Freinet formulierte einmal, dass er bezüglich der Freinetpädagogik keine Nationen kenne. Ich gehöre auch nicht zu den Menschen, die gerne für zentralistische Formen in Deutschland eintreten. Ich favorisiere eher föderative Gedanken, etwa wie ein Europa der Regionen.
Andererseits ist unsere Trennung keine regionale, auch wenn es einen Nordpol und einen Südpol zu geben scheint.
Entscheidend ist für mich, dass es noch nicht einmal eine föderative Struktur der Freinetpädagogik in Deutschland gibt, sondern das getrennte Nebeneinander, nur überdacht von der FIMEM.
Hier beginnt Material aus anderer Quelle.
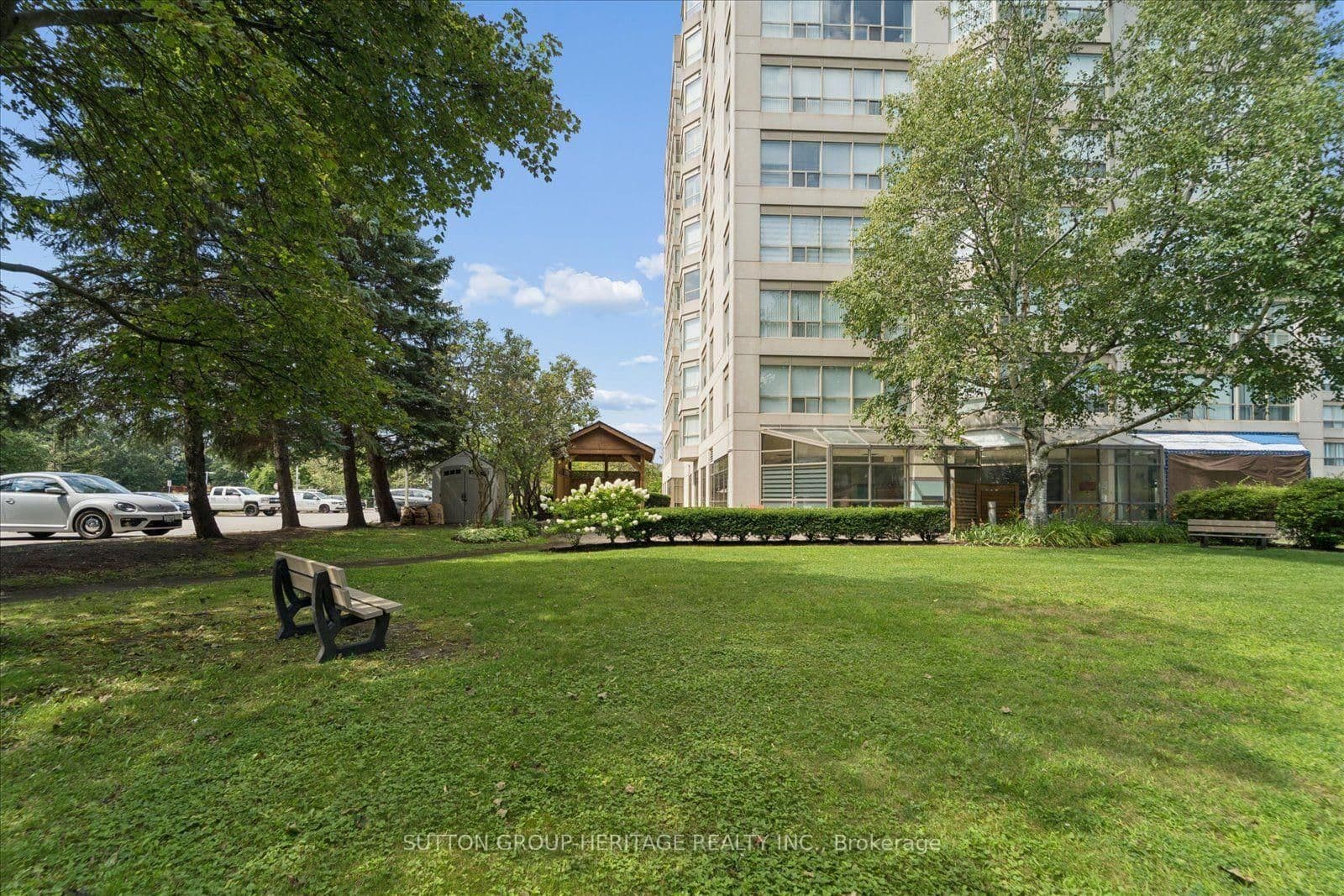 712 Rossland Road E, Unit 615 thumbnail 45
Warum erwähne ich also das niederländische Beispiel? Wäre da nicht dieses „Gespräch“ das sich anbietet? Wäre es nicht möglich, dass ein paar Menschen aus unseren Vereinen sich finden, um sich Gedanken über Strukturen des Miteinanders zu machen, um das friedliche, aber getrennte Nebeneinander abzulösen?
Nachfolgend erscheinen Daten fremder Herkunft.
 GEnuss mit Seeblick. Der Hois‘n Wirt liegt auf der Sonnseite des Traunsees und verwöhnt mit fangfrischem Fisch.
Lieber Eberhard, ich spreche Dich an, weil ich glaube, dass du bereit bist, ebenfalls in diese Richtung zu denken. Vielleicht können wir gemeinsam etwas bewegen, mit lieben Grüßen, Walter
Es sollte nichts geschehen! Zu Denken gab mir vor einigen Jahren ein Gespräch mit einem der Funktionäre der „balance“, jener Kita-Organisation, die sich der Freinetkooperative angeschlossen hatte. Er beklagte das Desinteresse und die Distanziertheit des damaligen Vorstands der Bremer Kooperative. Sie ließen, so schilderte er glaubhaft, kein Gespräch der Vertrauensbildung zu. Sie „übersahen“ es so, wie das Reden mit den Schuldruckern. Wir können verwalten oder etwas entwickeln.
1Damals Vorsitzender
2Später gab es einen dritten, der sich aber neben der eigenen Existenz im Bereich der Kitas der Freinetkooperative anschloss.